# Tower of Hanoi

The Tower of Hanoi game is very useful in understanding the Recurrence relation. It is a game of moving N disk between 3 needles. However, there are some rules we must follow before moving a disk from one needle to second needle.

Rule 1: Move only one disk at a time and it must be a top one.

Rule 2. Cannot move a larger disk on top of smaller one.

Rule 3: Number of moves should be minimum.

Let see how this works for 3 disk Tower of Hanoi game and using output of the game we can find solution to Tower of Hanoi game for N disk.

Initially , our disks stacked in needle 1 and other two remain empty.
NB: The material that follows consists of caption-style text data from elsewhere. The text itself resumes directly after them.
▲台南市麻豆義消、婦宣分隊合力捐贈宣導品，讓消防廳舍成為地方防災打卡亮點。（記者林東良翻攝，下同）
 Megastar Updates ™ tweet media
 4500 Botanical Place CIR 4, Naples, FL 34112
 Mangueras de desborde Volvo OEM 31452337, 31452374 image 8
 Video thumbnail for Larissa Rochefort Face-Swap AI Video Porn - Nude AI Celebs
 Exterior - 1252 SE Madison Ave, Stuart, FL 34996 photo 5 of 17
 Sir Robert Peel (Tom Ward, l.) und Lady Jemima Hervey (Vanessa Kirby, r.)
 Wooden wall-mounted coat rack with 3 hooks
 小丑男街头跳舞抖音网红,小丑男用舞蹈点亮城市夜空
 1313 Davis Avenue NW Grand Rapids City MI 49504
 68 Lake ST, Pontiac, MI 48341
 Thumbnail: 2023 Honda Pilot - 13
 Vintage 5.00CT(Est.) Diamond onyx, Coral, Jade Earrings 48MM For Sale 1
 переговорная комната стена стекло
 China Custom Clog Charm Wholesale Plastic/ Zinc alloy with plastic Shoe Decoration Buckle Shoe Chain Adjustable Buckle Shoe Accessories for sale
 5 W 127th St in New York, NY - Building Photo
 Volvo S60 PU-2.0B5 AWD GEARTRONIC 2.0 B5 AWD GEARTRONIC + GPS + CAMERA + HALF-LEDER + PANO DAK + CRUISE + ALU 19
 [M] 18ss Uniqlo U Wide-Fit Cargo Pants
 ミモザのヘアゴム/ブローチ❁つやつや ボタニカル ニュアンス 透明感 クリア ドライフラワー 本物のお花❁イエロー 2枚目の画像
Each time we move a disk it is counted as 1.
Move top disk from needle 1 to needle 3.

Move top disk from needle 1 to needle 2.

Move top disk from needle 3 to needle 2.
Move top disk from needle 1 to needle 3.

Move top disk from needle 2 to needle 1.

Move top disk from needle 2 to needle 3.
Move top disk from needle 1 to needle 3.
So we took total 7 Moves to shift all 3 disks.

Let the total number of disk move be H.
If we want to compute total count for 4 disk Tower of Hanoi game.

$H_{n}=2(H_{n-1}-1) +1$

$= 2 . 7 + 1$

$= 14 + 1$

$=15$

There minimum 15 disk move required for 4 disk Tower of Hanoi game.

We can derive a much easier formula for  $H_{n}=2(H_{n-1}-1) +1$

$= 2^n - 1$

How we arrived at this solution, we leave it as an exercise for you.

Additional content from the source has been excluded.